In der Enge eines Lebens
Alexa Hennig von Lange erzählt in ihrem neuen Roman aus dem Leben einer Hauptdarstellerin und all den Regieanweisungen, die zu befolgen jene nicht umhinkommt. Die Autorin schildert das Verhältnis von staatlicher Macht und persönlicher Ohnmacht in der Enge eines Lebens.
Der schwarze Tod der Inquisition
Alexa Hennig von Lange erzählt in ihrem neuen Roman aus dem Leben einer Hauptdarstellerin und all den Regieanweisungen, die zu befolgen jene nicht umhinkommt. Die Autorin schildert das Verhältnis von staatlicher Macht und persönlicher Ohnmacht in der Enge eines Lebens. Alles geht von einem Punkt aus, der vor der Erzählung liegt: dem Sieg der Christenheit über die Mauren in Spanien.

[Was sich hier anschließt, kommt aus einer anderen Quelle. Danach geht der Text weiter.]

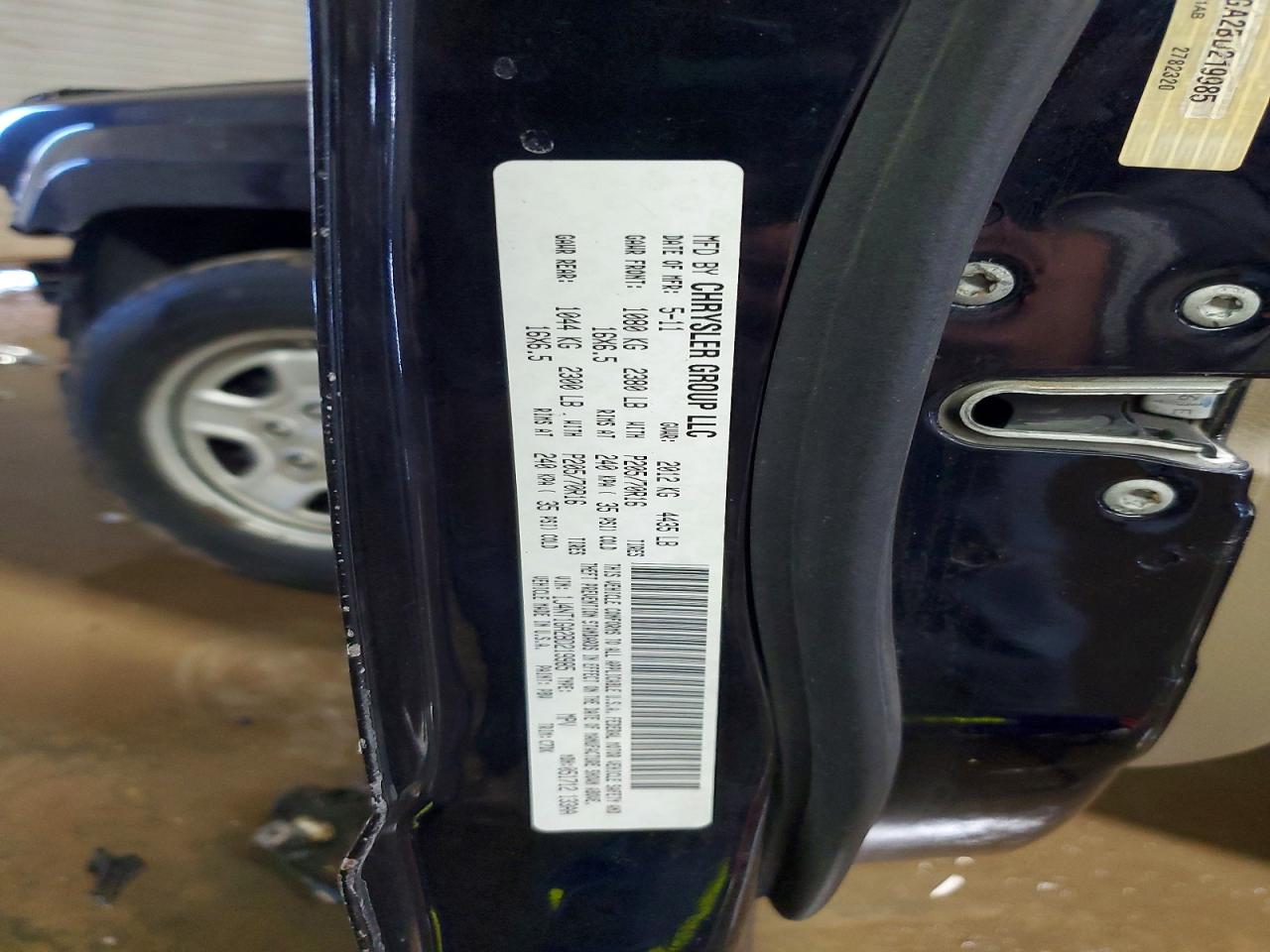 JEEP PATRIOT 2011 — 13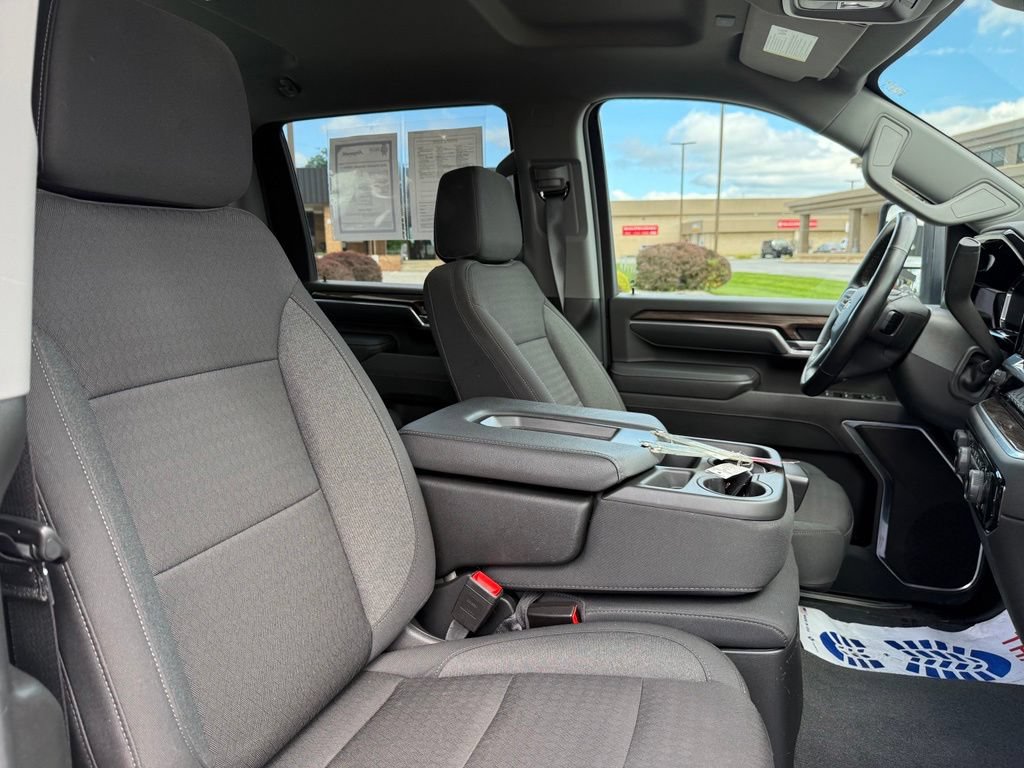 Used 2025 Chevrolet Silverado 2500 LT w/ Convenience Package AWD/4WD image 35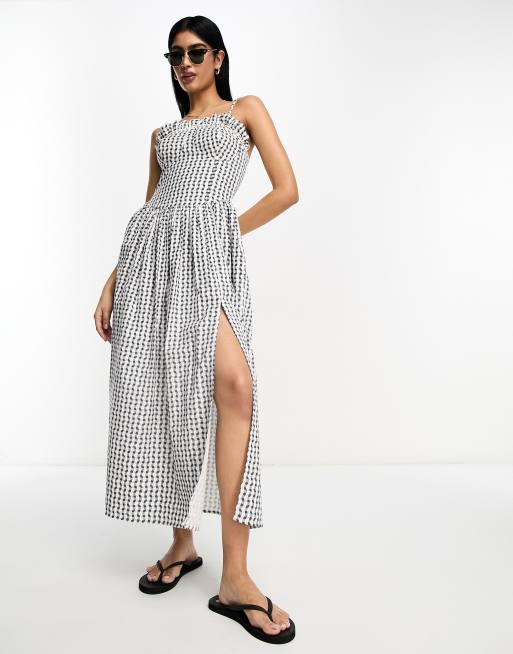 ASOS DESIGN – Midi-Sommerkleid in Grau mit Karomuster in welliger Optik, tief angesetztem Bund und Körbchendetail 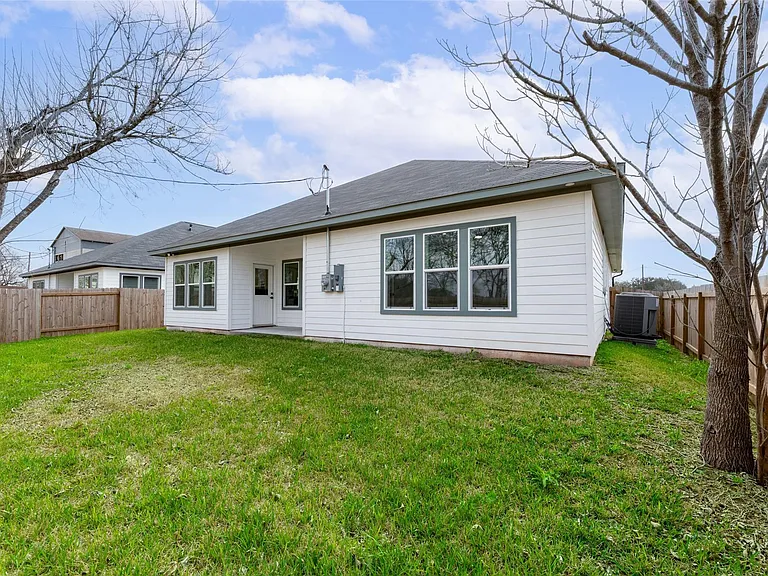 7440 Avenue E — Photo 38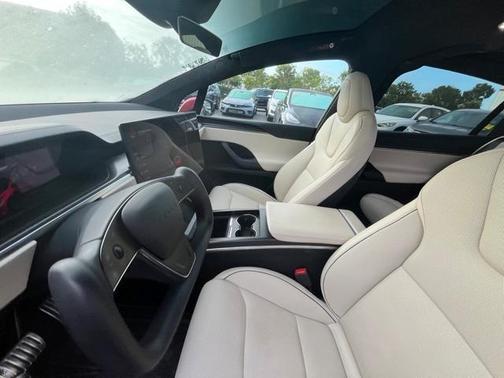 2023 Tesla Model X Plaid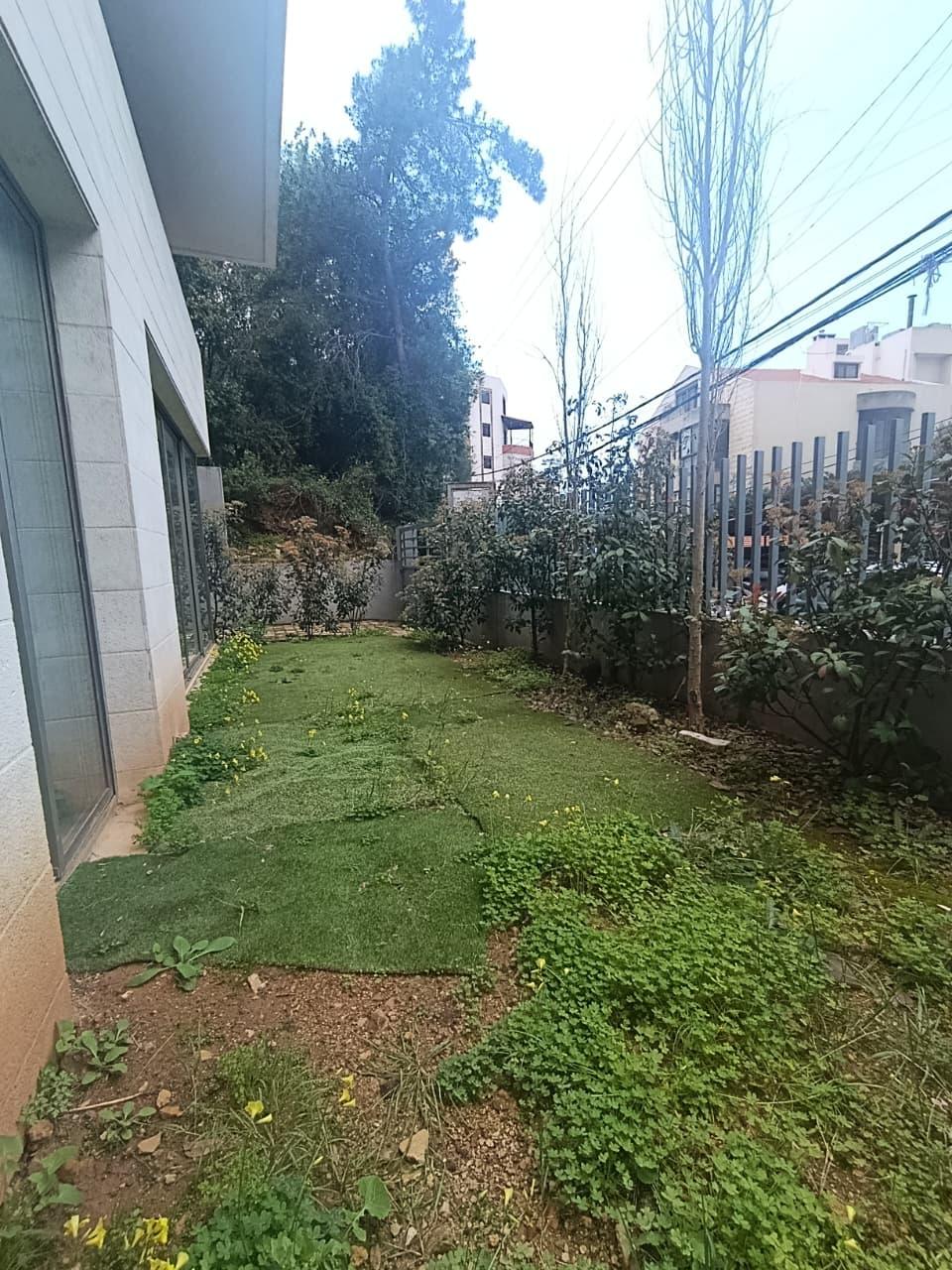 For Sale: Apartment in Ain Saade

Mit dem Sieg verbindet sich das Jahrtausendverbrechen des Kolonialismus. Das vom Erfolg angefasste Power-Duo Isa & Ferdi expandiert gleich nach der Rückeroberung Andalusiens transatlantisch. Die Erkundung des Seewegs nach Indien konkurriert mit einem größeren Staatsziel – der Rückeroberung des Heiligen Landes. Für das Seelenheil eines Christen liegt in Westindien wenig und in Jerusalem viel. Die königlichen Hoheiten Isabella und Ferdinand haben den Ehrgeiz von Musterschülern. Sie wollen die besten katholischen Monarchen sein und folglich die Lieblingskönige des Papstes in seinem römischen Atrium des Himmelreichs.
Kolumbus verspricht seinen Herrschaften die Mittel für eine grandiose Himmelfahrt. Im Frühjahr 1495 passiert er den Drachenschlund vor Trinidad und stößt auf Inder, die nicht freundlich sind. Eine Streitmacht stellt sich der Expedition entgegen, auf einen Spanier kommen fünfhundert Bürger. Ein mitreisender Zeitgenosse erinnert sich: „Aber die Übermacht hielt den Geschützen, der Reiterei und der Bluthundestaffel nicht stand. Der Sieg des Kolumbus war leicht und vollkommen. Der Admiral brachte das harte Recht der Sieger über den Verlierern zur Geltung.”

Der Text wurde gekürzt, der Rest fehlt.